Friday, February 03, 2006
Time for everything
The big, white bouquet with flowers on the living room table is starting to slowly wither. Tomorrow will be a week. A week since I said "yes" and shook my head "no" - no, as in, i can't believe this - on the video, when he proposed.
There is always been a part of me that "wanted" someone next to me. I have dated, many guys. Some treated me better, others not so good, some I treated better and others not so good, but I will leave it all in the past and chalk it up to growing up. There have been deep, painful heartbreaks, there have been giddy laughs after the first dates, there have been tears, waiting for the phone to ring, there have been waking up the next morning and regretting, there have been hopes that maybe this will finally be the one. There have been times when I gave up. I'd wanted him for so long.
When Nate and I broke up, there was a part of me that gave up. I remember Rochelles Boji bunkhouse a couple of days after we broke up, I told everyone I will go take a nap, but I went to cry. I needed some time to curl up and let out all that confusion and pain. There is crying and then there is that deep wailing, from the deep bottom of your heart cry, I think the word for it lamenting. I told God that this is not fair, that I have tried to do things on my own and they fell through but with Nate I had given it to God and they still fell through. That was the part that I was so confused about -- I trusted God and it still fell through.
It was probably the same week that Neil and I started talking. You know the rest.

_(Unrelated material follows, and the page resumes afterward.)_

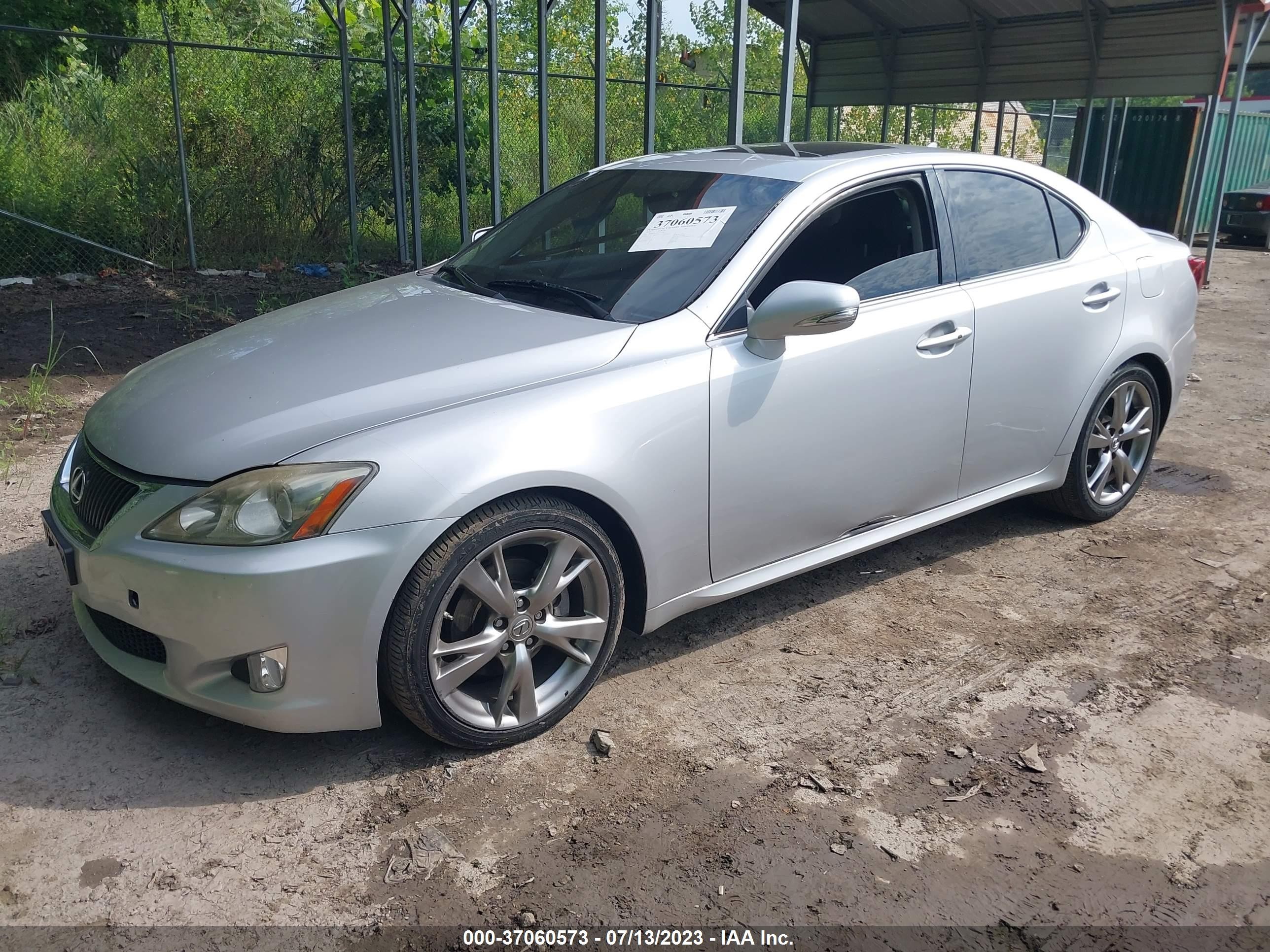 Photo 1 VIN: JTHBF5C21A5112052 - LEXUS IS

Now, when I look back, I am so thankfull that none of those other relationships worked out. There were some great guys but I was not ready. There were some not so great guys and I was too naive and desperate. I have changed so much in the last 8 years. I love my mom in million pieces but I had inherited some bad examples in relationships. There are demons that I am still fighting that I learned while watching her as a little girl. I had no base to stand on as far as relationships go. More then that, I did not know what a good relatioship is.
Change is never easy. But through much of those heartaches I learned a lot of things. Through clinging to God, I learned things that will be a foundation for our marriage. Growth is an evolving thing. I will try to keep my eyes on God and let that growth take place.
There was a reason why those things didn't happen when I wanted them to happen. As much as I wanted it, I was not ready. You can't bake a cake before the oven is at the right temp. Also, when I look at him, I don't dare to take him for granted. I could not see the whole picture when past happened. I can see it now, looking back and I would not want it any other way. It is perfect this way. There is a time for everything. There is a good time for everything.